Taken together, these results establish that actomyosin activity is required to maintain the apical Crb–EGFP pool and a high mobile fraction of Crb–EGFP at the plasma membrane in the ventral epidermis, specifically in stage 12 embryos.

Blocking the contractility of the actomyosin cytocortex can impair various processes, including intracellular membrane trafficking, assembly and scission of endocytic vesicles and transport of clathrin-coated pits (Collins et al., 2011; Georgiou et al., 2008; Grassart et al., 2014; Harris and Tepass, 2008; Leibfried et al., 2008). To further define the role of the cytocortex in stage-dependent Crb–EGFP dynamics, we genetically modified the organisation of the cytocortex in a more controlled way by depleting either β_H-Spectrin [encoded by Drosophila karst (kst)] or Moesin (Moe), using zygotic mutants. β_H-Spectrin is a structural component of the­ cytocortex, implicated in regulating membrane rigidity and endocytosis (Lee and Thomas, 2011; Tjota et al., 2011), while Moe is a FERM-domain protein that connects the cytocortex via F-actin interaction with the plasma membrane (Fehon et al., 2010; Kunda et al., 2008; Polesello et al., 2002). Moe and β_H-Spectrin can interact with Crb directly and indirectly, respectively (Médina et al., 2002; Wei et al., 2015). Lack of zygotic Moe had no or only minor effects on Crb–EGFP recovery (Fig. 6A–C; Fig. S7A–C, Tables S7, S8), but specifically decreased the mobile fraction of Crb–EGFP at both stages (Fig. 6C,F), suggesting a role in maintaining the mobile pool of Crb–EGFP. In contrast, loss of zygotic β_H-Spectrin differentially affected τ_slow of Crb–EGFP at early and late stages. While τ_slow was increased ∼3-fold (from ∼56 s to ∼143 s) at stage 12, it was decreased from ∼230 s to ∼85 s at stage 15 (compare Fig. 6A,B with D,E). These results revealed a distinct, stage-dependent role of β_H-Spectrin in regulating Crb–EGFP mobility and recovery kinetics.

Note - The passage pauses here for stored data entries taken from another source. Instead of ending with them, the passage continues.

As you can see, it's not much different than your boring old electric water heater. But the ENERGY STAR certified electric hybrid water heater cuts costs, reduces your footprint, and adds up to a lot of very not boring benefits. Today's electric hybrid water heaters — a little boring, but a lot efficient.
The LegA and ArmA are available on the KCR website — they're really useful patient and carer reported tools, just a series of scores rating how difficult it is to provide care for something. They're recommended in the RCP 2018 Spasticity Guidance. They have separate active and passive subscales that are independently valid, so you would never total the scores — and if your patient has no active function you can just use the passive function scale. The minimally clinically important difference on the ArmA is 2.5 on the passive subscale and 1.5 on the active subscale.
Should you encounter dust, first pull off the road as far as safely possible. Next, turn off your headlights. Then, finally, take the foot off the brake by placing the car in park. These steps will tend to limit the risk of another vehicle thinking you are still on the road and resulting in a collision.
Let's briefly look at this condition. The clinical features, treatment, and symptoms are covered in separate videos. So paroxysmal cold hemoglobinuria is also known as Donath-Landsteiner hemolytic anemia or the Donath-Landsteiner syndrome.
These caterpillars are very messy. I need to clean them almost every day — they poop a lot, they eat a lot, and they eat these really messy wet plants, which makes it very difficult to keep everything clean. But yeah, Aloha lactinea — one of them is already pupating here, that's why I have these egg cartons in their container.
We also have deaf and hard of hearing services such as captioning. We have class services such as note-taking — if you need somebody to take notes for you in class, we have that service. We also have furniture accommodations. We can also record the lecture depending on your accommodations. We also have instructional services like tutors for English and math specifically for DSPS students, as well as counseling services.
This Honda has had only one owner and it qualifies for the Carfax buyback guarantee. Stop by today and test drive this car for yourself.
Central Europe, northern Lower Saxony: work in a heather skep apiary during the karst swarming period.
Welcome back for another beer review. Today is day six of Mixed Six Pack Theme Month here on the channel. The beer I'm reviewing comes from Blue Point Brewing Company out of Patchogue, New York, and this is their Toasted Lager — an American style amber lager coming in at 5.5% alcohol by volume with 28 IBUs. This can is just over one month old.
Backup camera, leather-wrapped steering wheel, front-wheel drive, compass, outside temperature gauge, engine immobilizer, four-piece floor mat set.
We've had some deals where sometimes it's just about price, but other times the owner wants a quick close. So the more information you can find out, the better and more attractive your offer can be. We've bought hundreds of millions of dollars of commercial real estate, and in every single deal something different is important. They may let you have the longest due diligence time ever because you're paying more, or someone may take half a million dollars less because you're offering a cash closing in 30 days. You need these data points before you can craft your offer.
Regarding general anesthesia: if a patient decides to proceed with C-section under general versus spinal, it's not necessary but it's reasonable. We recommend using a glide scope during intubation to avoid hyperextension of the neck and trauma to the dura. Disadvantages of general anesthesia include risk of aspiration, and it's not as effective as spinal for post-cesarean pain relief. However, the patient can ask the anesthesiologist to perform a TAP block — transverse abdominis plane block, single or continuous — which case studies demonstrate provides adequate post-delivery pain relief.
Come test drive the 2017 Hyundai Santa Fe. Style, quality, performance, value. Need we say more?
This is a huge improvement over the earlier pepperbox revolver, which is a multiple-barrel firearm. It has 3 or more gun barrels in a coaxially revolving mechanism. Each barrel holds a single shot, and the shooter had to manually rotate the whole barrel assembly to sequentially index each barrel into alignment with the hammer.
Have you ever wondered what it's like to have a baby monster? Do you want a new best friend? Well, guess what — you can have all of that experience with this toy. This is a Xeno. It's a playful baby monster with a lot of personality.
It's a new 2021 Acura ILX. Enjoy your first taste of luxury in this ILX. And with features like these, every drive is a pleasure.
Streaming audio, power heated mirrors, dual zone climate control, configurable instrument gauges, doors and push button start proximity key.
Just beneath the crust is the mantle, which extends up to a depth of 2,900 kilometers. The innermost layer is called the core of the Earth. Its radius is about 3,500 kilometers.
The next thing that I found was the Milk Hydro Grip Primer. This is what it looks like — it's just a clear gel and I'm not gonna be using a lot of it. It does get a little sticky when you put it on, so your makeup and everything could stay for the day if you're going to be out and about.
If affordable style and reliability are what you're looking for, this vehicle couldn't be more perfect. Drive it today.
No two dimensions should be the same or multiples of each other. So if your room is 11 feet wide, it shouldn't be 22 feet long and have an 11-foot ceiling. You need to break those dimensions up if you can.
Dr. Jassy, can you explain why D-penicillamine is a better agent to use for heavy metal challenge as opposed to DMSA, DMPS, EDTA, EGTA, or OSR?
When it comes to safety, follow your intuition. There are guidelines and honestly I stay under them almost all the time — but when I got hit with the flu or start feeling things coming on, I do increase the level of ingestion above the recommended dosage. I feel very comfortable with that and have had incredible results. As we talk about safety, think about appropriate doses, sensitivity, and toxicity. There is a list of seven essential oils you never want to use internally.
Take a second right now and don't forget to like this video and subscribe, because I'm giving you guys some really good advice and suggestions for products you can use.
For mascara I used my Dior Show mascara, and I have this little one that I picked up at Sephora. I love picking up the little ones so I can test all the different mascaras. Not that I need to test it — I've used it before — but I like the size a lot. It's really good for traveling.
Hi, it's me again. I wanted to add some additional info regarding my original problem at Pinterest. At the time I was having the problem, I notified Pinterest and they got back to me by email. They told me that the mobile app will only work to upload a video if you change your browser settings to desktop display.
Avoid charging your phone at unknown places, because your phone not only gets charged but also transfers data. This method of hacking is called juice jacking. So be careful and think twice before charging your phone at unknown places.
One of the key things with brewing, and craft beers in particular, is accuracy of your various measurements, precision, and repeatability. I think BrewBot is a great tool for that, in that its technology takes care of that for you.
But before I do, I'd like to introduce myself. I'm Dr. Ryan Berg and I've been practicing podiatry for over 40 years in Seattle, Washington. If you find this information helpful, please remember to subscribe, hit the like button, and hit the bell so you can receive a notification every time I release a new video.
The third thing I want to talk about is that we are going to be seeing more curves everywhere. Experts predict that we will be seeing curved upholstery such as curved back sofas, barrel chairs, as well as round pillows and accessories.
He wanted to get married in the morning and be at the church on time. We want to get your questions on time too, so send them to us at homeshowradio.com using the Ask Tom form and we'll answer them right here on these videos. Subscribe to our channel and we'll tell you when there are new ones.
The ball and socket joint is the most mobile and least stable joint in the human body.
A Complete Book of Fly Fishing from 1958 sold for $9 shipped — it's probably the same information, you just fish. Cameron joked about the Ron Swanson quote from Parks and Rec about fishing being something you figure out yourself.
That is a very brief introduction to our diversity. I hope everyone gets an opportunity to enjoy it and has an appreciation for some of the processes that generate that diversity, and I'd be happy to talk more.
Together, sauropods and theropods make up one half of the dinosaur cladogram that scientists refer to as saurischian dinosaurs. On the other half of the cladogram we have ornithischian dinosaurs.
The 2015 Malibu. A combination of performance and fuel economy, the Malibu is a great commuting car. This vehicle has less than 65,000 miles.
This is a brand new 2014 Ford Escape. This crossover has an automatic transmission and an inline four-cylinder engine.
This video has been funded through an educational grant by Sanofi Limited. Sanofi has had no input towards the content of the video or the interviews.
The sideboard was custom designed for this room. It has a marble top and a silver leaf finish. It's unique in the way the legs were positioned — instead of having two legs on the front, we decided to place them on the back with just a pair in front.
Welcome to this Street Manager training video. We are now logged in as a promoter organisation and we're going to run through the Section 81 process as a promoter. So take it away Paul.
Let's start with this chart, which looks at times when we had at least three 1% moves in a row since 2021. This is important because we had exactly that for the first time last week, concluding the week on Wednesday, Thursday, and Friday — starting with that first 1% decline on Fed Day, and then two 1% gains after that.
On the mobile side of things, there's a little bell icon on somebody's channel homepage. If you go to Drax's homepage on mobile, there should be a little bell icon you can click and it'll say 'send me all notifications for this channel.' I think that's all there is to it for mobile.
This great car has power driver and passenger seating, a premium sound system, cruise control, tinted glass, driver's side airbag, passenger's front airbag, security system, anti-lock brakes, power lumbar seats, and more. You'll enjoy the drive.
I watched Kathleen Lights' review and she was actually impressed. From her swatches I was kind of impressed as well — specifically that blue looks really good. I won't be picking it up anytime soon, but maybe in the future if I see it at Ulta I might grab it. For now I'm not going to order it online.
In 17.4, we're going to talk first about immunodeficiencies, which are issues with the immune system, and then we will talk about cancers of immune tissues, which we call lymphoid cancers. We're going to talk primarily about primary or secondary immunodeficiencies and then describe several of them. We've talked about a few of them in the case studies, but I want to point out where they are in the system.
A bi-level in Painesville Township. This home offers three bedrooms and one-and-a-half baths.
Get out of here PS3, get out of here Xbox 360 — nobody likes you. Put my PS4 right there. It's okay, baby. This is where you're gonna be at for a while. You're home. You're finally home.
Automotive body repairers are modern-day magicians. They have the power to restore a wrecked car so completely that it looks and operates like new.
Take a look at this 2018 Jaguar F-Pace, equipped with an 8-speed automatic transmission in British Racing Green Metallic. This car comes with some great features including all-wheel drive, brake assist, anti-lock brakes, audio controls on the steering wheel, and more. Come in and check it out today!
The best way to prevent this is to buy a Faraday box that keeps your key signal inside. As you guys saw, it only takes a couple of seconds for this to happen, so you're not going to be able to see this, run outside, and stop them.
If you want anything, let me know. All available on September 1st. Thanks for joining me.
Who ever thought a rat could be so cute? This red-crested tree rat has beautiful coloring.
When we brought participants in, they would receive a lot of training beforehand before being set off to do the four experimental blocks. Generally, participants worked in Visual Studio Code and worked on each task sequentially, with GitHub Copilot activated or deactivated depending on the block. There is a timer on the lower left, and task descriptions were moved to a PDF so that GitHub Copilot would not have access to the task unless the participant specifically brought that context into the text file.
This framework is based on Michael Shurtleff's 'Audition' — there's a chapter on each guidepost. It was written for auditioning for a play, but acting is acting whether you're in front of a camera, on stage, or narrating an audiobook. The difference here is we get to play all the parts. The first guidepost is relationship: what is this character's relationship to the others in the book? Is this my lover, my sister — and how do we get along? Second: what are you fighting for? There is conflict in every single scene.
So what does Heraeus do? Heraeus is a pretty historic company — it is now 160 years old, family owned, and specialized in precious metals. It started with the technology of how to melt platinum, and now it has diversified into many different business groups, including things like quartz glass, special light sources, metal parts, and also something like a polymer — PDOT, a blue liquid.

The observation that there was barely any effect on Crb–EGFP dynamics in Moe mutant embryos was puzzling, since the FBM of Crb can directly interact with Moe (Wei et al., 2015). To better understand the functional importance of this interaction, we generated an EGFP-tagged version of foscrb_EGFP that additionally carries a point mutation in the FBM motif (Y10A; hereafter called foscrb_{EGFP_Y10A}) (Fig. 7A). The τ_slow of Crb_{EGFP_Y10A} was lower than that of wild-type Crb–EGFP, both at stage 12 (Fig. 7B,C, Fig. S8A), and, even more pronounced, at stage 15, when τ_slow decreased by ∼3-fold, from >300 s in wild-type to ∼100 s in the mutant (Fig. 7D,E, Fig. S8B, Table S6). This result shows that the stability of Crb–EGFP depends on an intact FBM in its intracellular domain.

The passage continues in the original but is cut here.